*Instructions to follow*
Among the entries below, copy only the span from the line containing "Japanese-style ins piano" through the line containing "Modern and spacious". Do so exactly, and skip the pictures.

————————

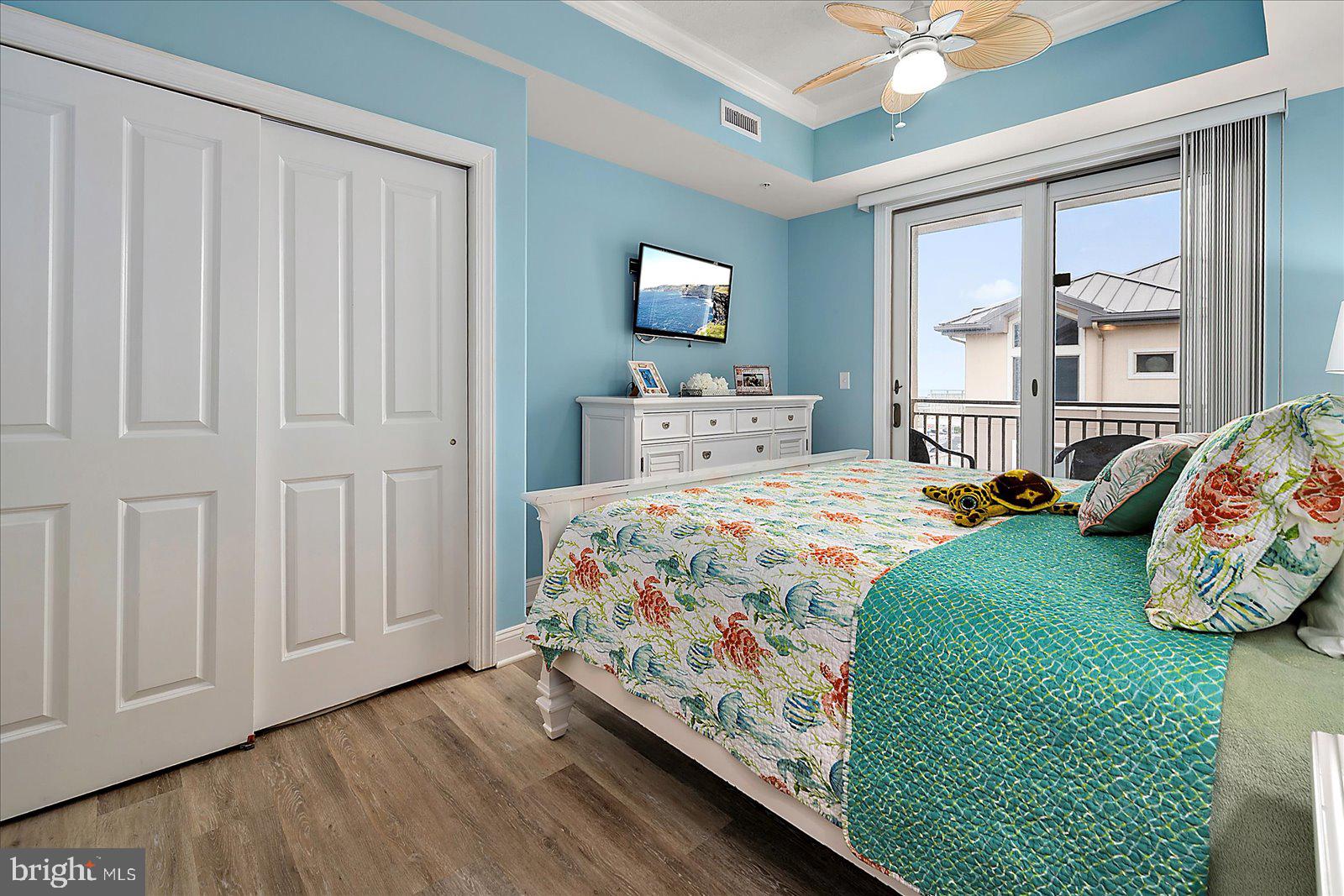 121 81st Street, Unit 907 Ocean City, MD 21842 - Photo 43 of 73 a bedroom with a bed and window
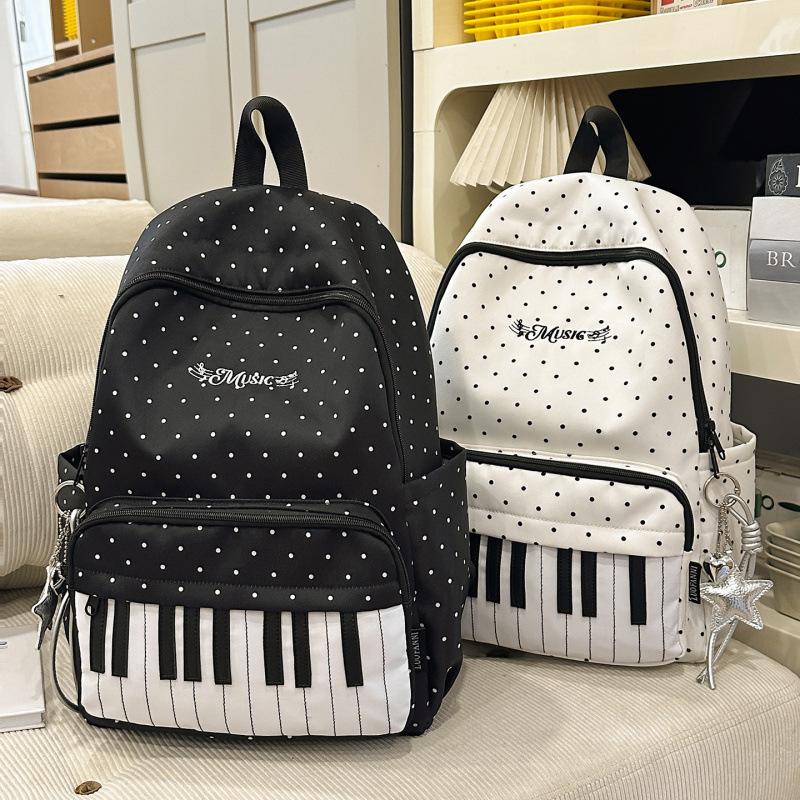 Japanese-style ins piano pattern backpack for female middle and high school students, versatile and cute, high-appearance backpack for college students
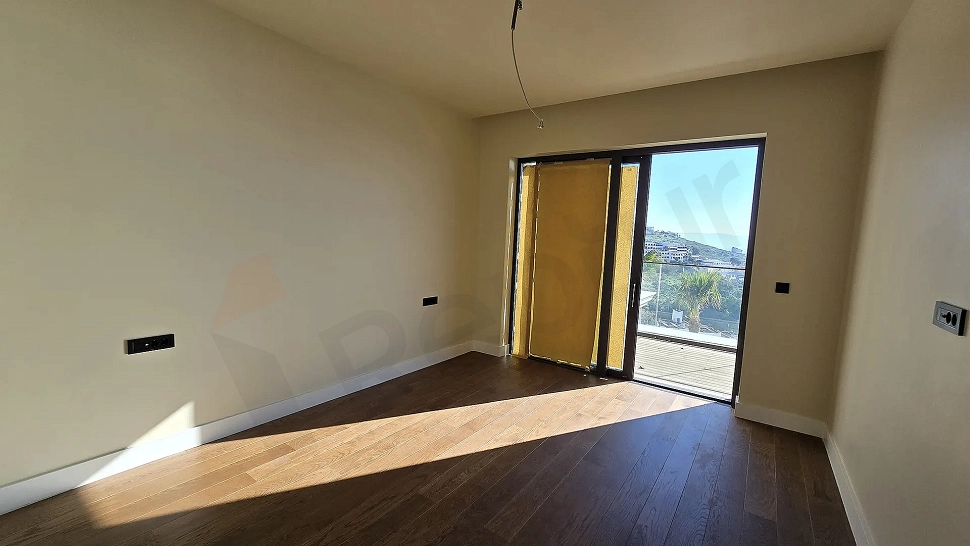 Modern and spacious bedroom area of a luxury apartment in Bodrum.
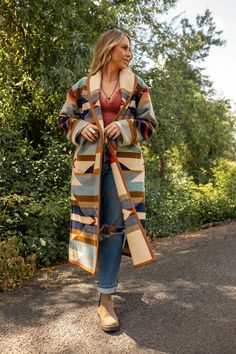 Wyeth Trail Long Coat Our long Wyeth Trail coat will keep you covered from top to bottom.  Made from the Pendleton® Wyeth Trail wool blanket, the warm earth tone colors are easy to wear.  Wear it open or close at the waist with a toggle.  Designed for a slightly oversized fit and look.   The Wyeth Trail blanket reflects warm, harmonious colors of ancient corn varieties patterned in rows similar to ancient Native American gardens.  Arrows point in two directions, the past and the future.  Model is 5'9", 140 lbs, wearing size medium Blanket weight, shawl collar.  S, M, L 82% pure virgin wool / 18% cotton, woven in the USA Approx 46" back length from collar Dry clean only Made in the USA Flat Lay measurements:  Small:  Chest - 22"   Sleeve length from shoulder - 25" (unrolled) Bicep - 7.5" Sh Corn Varieties, Pixie Mood Handbags, Future Model, Pendleton Blanket, American Garden, 140 Lbs, Upcycled Bag, Blanket Coat, Earth Tone Colors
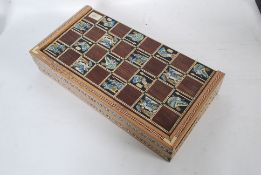 A 20th century Inlaid Islamic chess boar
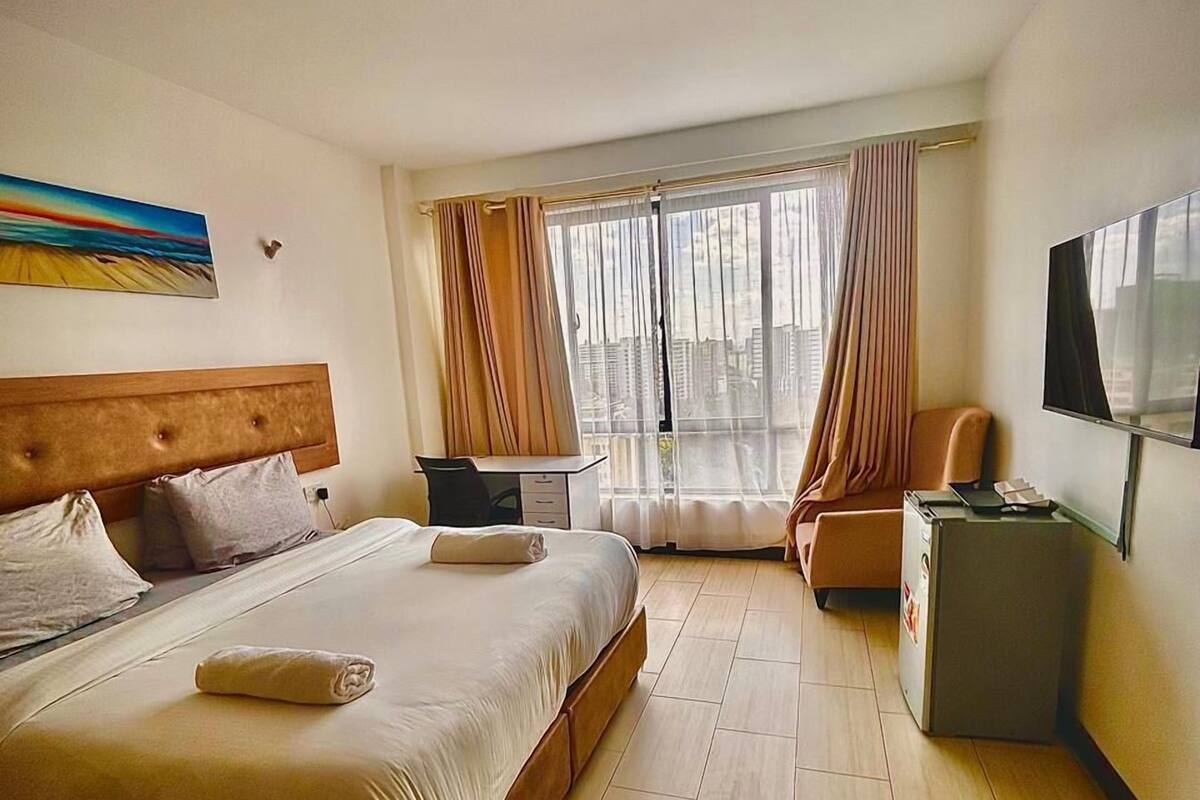 A hotel room with a large bed, a desk, a chair, a TV, and a window with curtains.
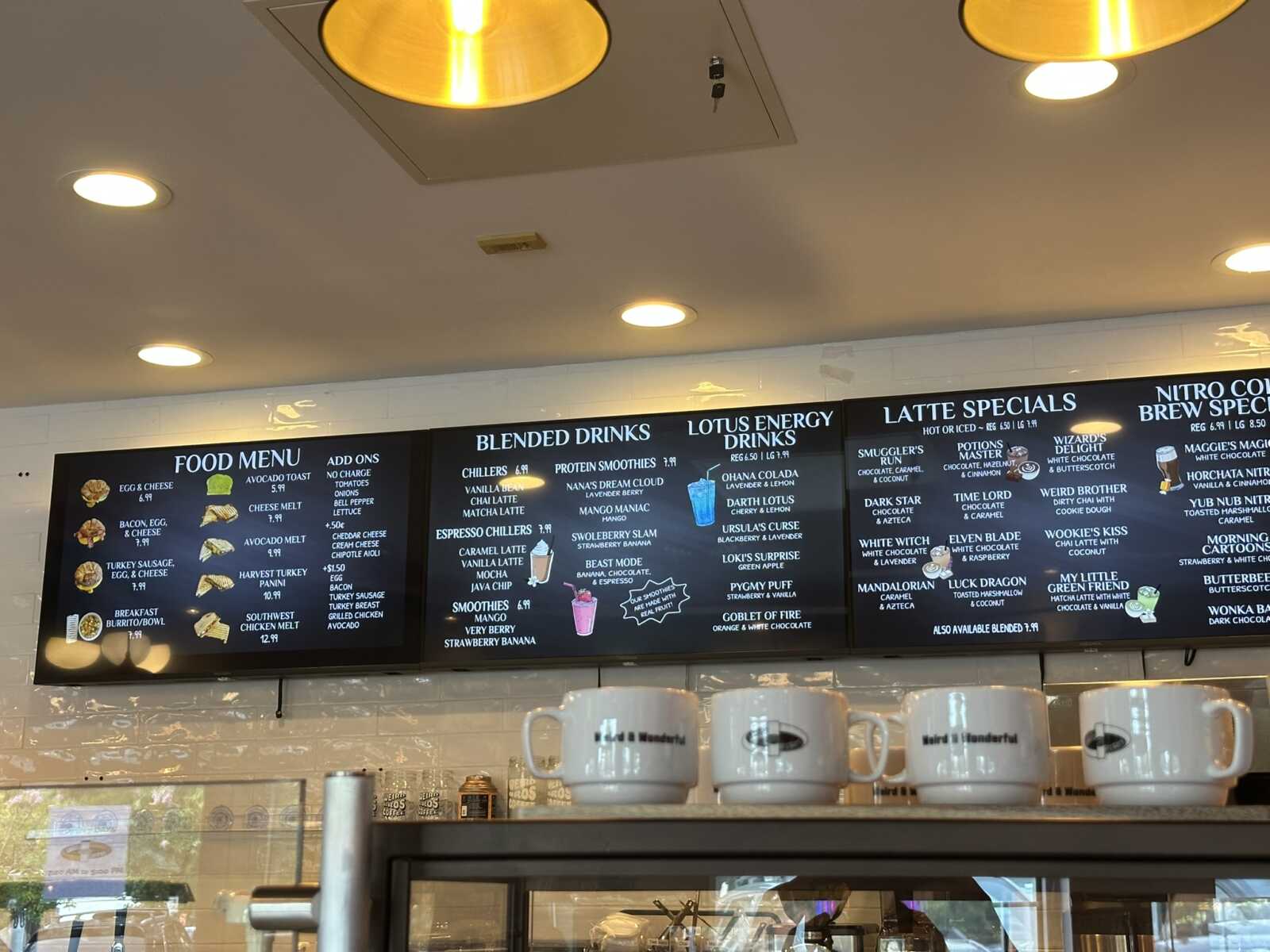 Cafe menu boards with food and drink listings under warm ceiling lights; cups visible in foreground.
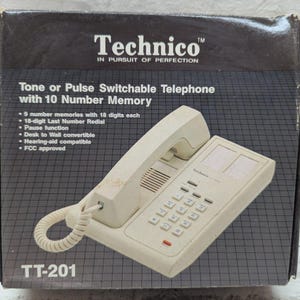 May include: A vintage Technico TT-201 telephone in its original box. The off-white phone features a keypad, handset, and coiled cord. The box displays the Technico logo and product features, including tone/pulse switchable and 10 number memory.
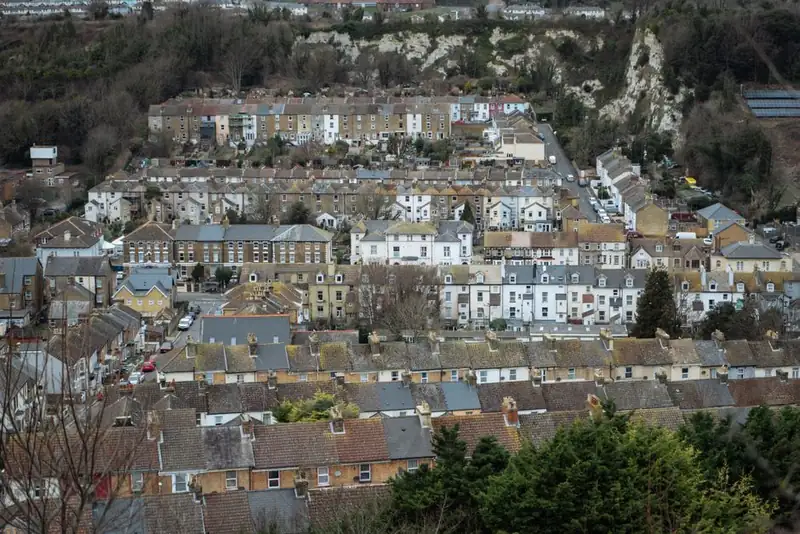 Heavy grey cloud hanging over rows of terraced houses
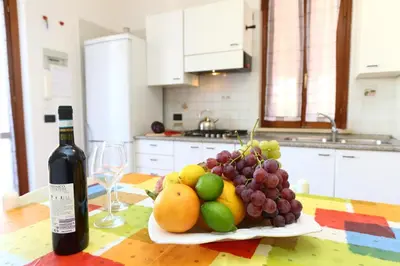 a plate of fruit on a table with a bottle of wine at Costa Mediterranea Holiday Homes in Campofelice di Roccella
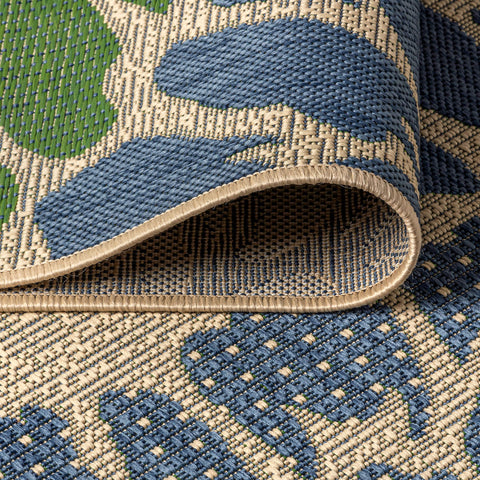 JONATHAN Y rug placed under patio furniture showing stability and scale benefit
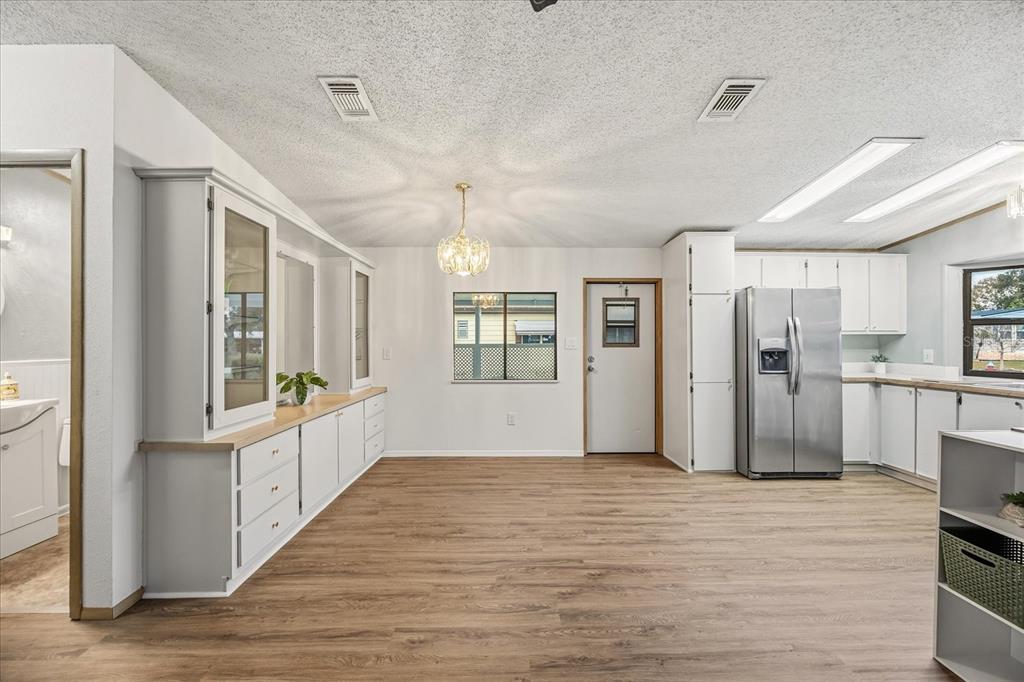 A kitchen and dining area with white cabinets, stainless steel appliances, and wood-look flooring — 2446 FAIRBLUFF CIRCLE UNIT 1554, ZELLWOOD, FL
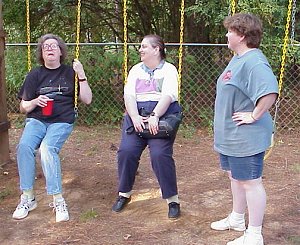 The ladies gather at the swings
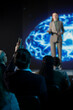 © DC Studio - Selective focus of male participant asking AI-related question, interacting with businesswoman presenter during sales pitch for artificial intelligence systems. Audience engagement at event.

————————

*Completed exercise*
 Japanese-style ins piano pattern backpack for female middle and high school students, versatile and cute, high-appearance backpack for college students
 Modern and spacious bedroom area of a luxury apartment in Bodrum.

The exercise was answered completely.